Infosys, India's second largest software exporter, on Friday said payments amounting to R17.38 crore were suspended to Rajiv Bansal, former CFO of the company, pending certain clarifications with regard to such rights and obligations.
Infosys, India’s second largest software exporter, on Friday said payments amounting to R17.38 crore were suspended to Rajiv Bansal, former CFO of the company, pending certain clarifications with regard to such rights and obligations. “The suspension is not on account of any extraneous considerations,” the company said in a statement on Friday. However, the company did not explain in detail as to what sort of clarifications were sought. Bansal is currently Ola’s CFO.
In an effort to put an end to the controversy surrounding the suspension of severance package payment to Bansal, Infosys said it conducted two independent investigations into the matter and found no wrong-doing on the part of Bansal or the company. Infosys had signed a separation agreement with Bansal on October 11, 2015, which provided for extended non-compete obligations, besides other rights and obligations usual for such agreements.
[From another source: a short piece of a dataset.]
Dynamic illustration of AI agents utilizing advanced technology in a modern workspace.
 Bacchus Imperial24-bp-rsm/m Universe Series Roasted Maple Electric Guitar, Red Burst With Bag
The agreement also explicitly enabled Bansal to report to the regulatory authorities in future any matter of impropriety that he became aware of that happened during his tenure.
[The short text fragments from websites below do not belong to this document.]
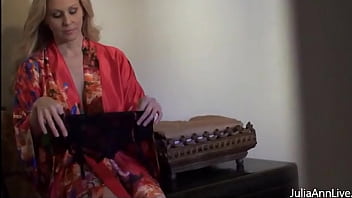 Lingerie strip tease julia ann flaunts a big butt & perfect tits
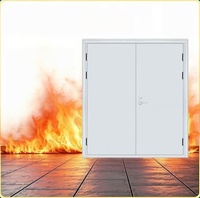 Puerta Cortafuego de Acero Personalizada de Fábrica, Resistencia al Fuego de 1.5 Horas, Puerta de Salida de Seguridad de Doble Hoja Abatible con Herrajes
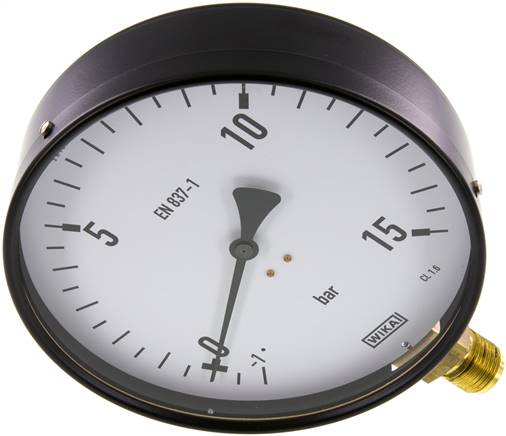Manometer senkrecht, 160mm, -1 bis 15 bar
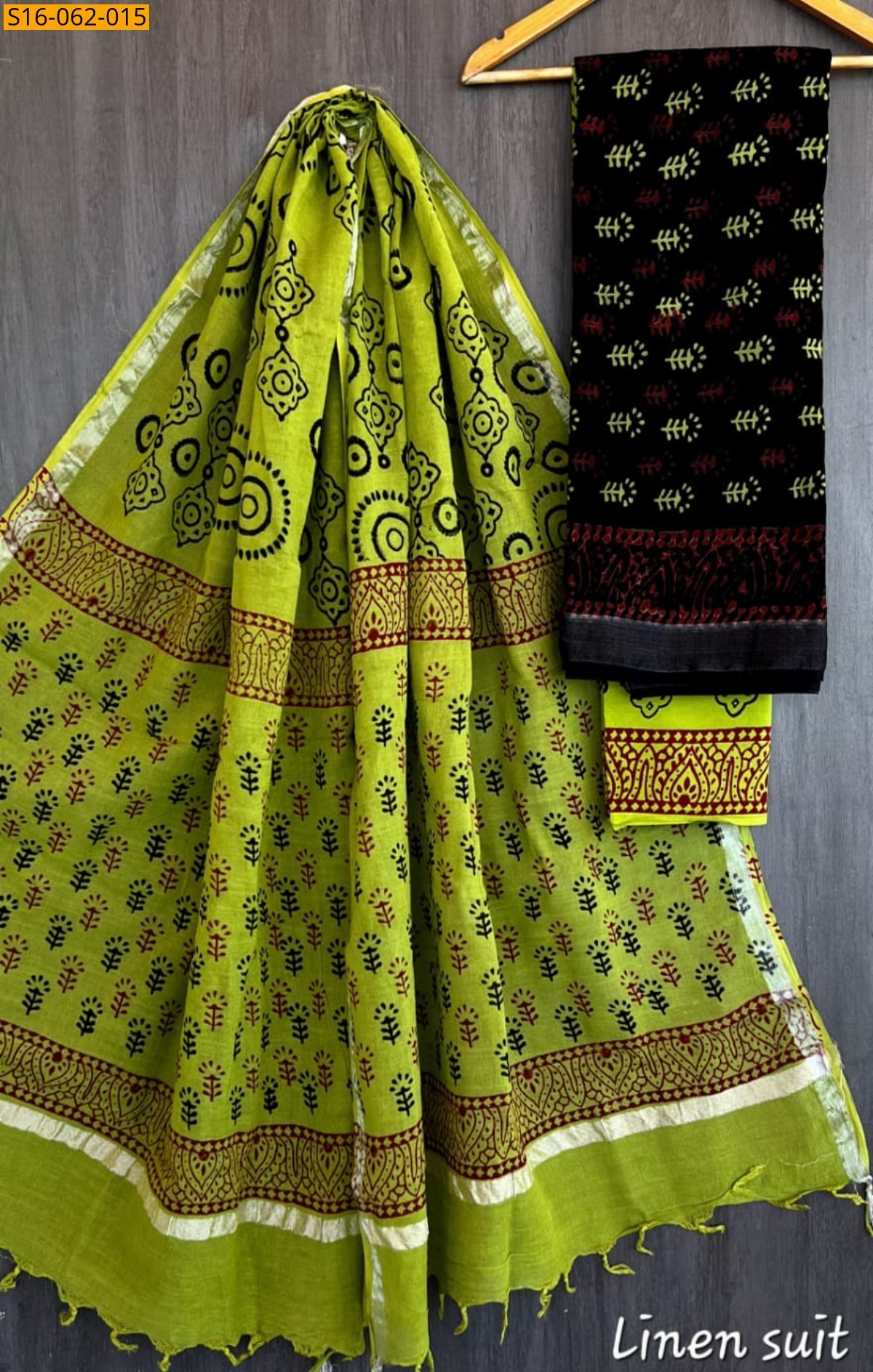 Green Linen suit sets 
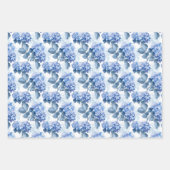 Elegantes blaues Hydrangea-Blumenmuster Geschenkpapier Set (Vorderseite 3)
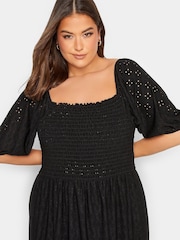 Yours Curve Black Shirred Maxi Dress - Image 4 of 4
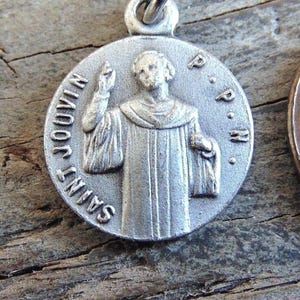 St. Jouvin Vintage French Catholic Medal Pendant Round Metal Religious Medallion Small Christian Saint Charm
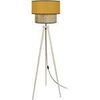 Lampadaires Tosel Lampadaire tr&eacute;pied bois naturel et jaune Beige Unique. . Maison & D&eacute;co > Lampadaires.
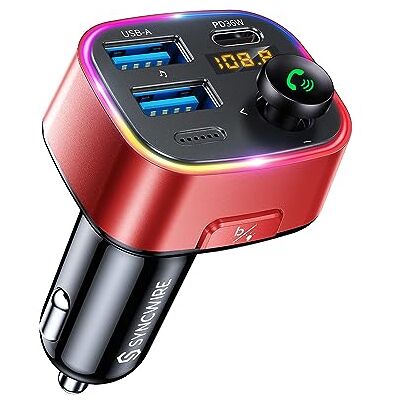 SYNCWIRE Transmissor FM Bluetooth 5.3 para carro, 48 W (PD 36W & 12 W) USB carregador adaptador de carro recetor de rádio sem fio, ecrã LED, chamadas mãos livres, suporte unidade USB, vermelho SYNCWIRE Transmissor FM Bluetooth 5.3 para carro, 48 W (PD 36W & 12 W) USB carregador adaptador de carro recetor de rádio sem fio, ecrã LED, chamadas mãos livres, suporte unidade USB, vermelho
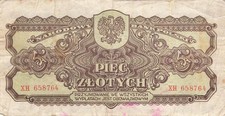Polen Poland 5 Zlotych 1944 P108 VG+ stains (Serie XH)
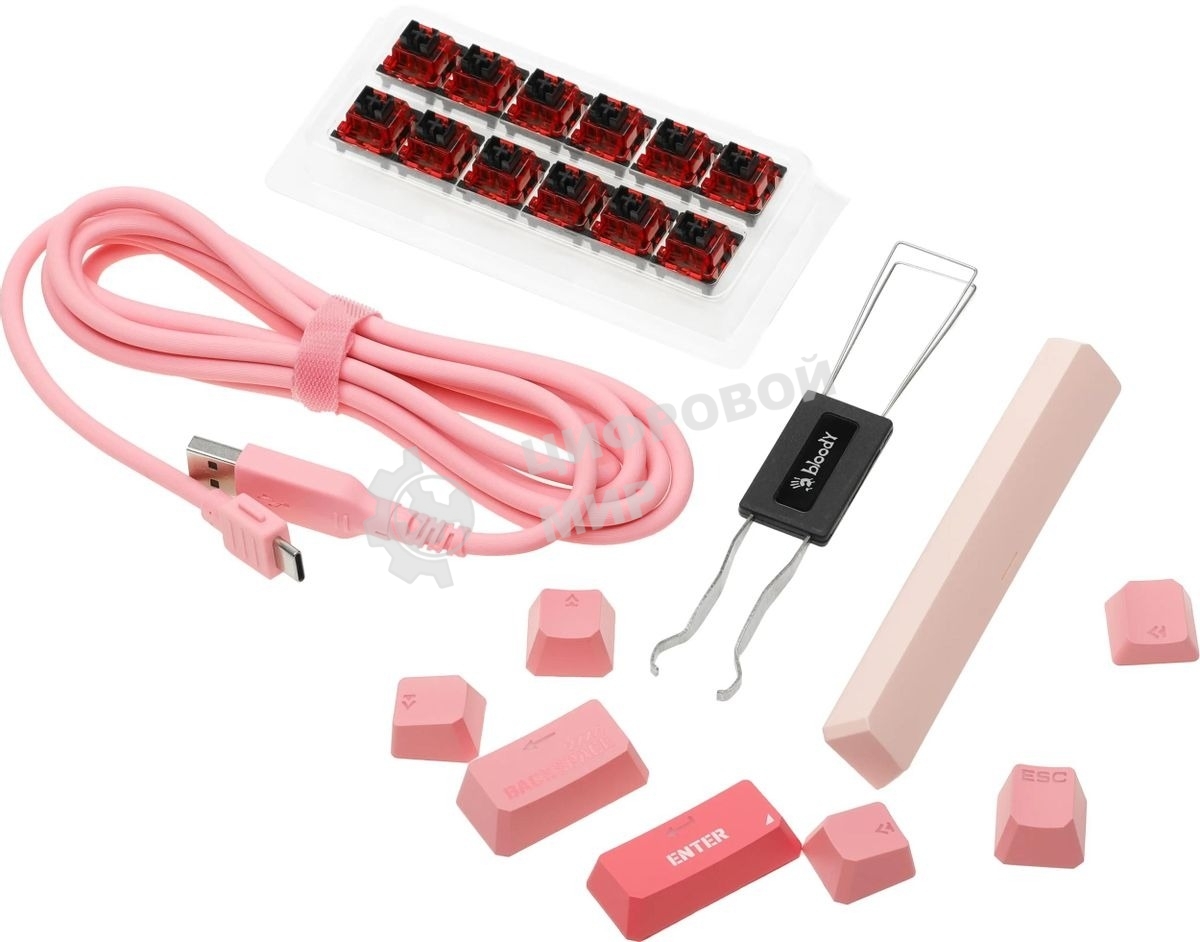 Клавиатура проводная A4Tech Bloody S87 Energy (S87 USB ENERGY PINK) USB розовый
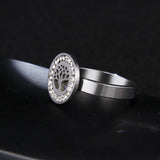 Bague arbre de vie Strass en acier inoxydable 316L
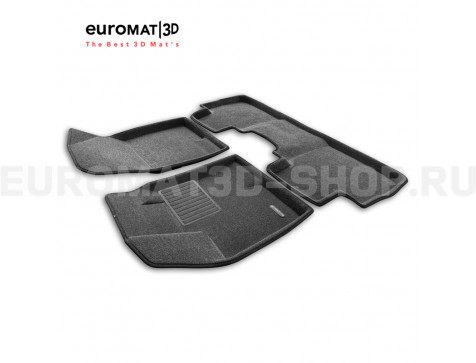 Текстильные 3D коврики Euromat3D Business в салон для Haval H7 (2024-) № EMC3D-001445G Серые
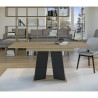 Tavolo cucina moderno allungabile 90x120-160cm in legno rovere nero Mufo Sconti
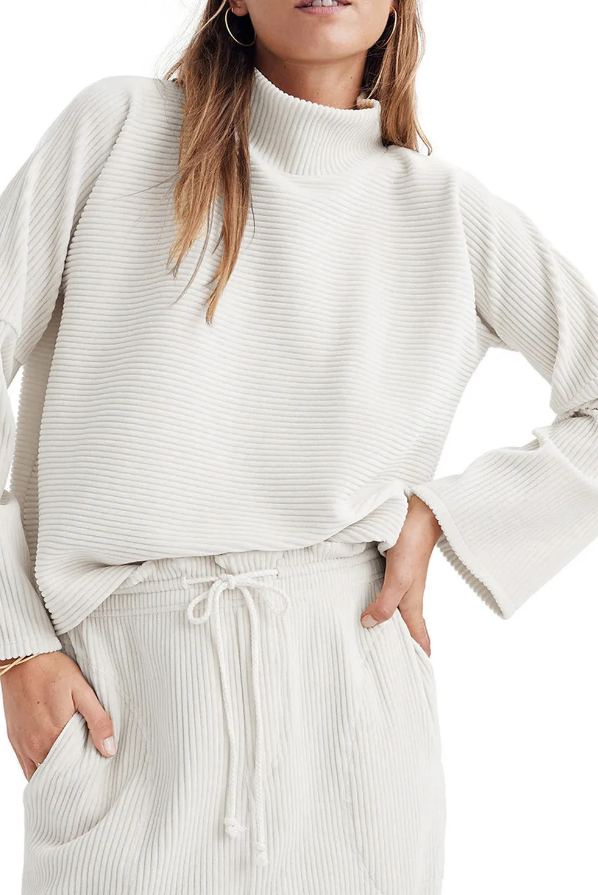 Top a costine con vestibilità ampia, bianco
In October 2015, the company launched an investigations related to rumours that Rajiv Bansal had made certain insinuations against the management. These were investigated by an independent law firm, which concluded that there was no substance to any of these rumoured insinuations. However, Rajiv has also denied on record that he had made any such insinuations, the release said.
Further, in August this year, another investigation was conducted by Cyril Amarchand Mangaldas, a law firm, ordered by the Audit Committee following an anonymous letter which alleged that the severance payment to Bansal was intended to silence him. The investigation revealed that the severance payment made to Bansal was not with the intention of silencing him from disclosing any impropriety. The agreement with Bansal allowed him to report to the regulatory authorities in future any matter of impropriety that he became aware of that happened during his tenure.
Further, necessary approvals had been obtained and appropriate disclosures were made in the matter. The investigation was based on extensive examination of records, emails and interviews with relevant people. Latham & Watkins, legal advisors to the Board supervised and coordinated the investigation. Latham & Watkins have confirmed the independence of Cyril Amarchand Mangaldas, the comprehensiveness of the investigation and the conclusions thereof. KPMG, the statutory auditors of the company, had conducted shadow proceedings on both investigations and have expressed satisfaction with the investigations and conclusions of the reports.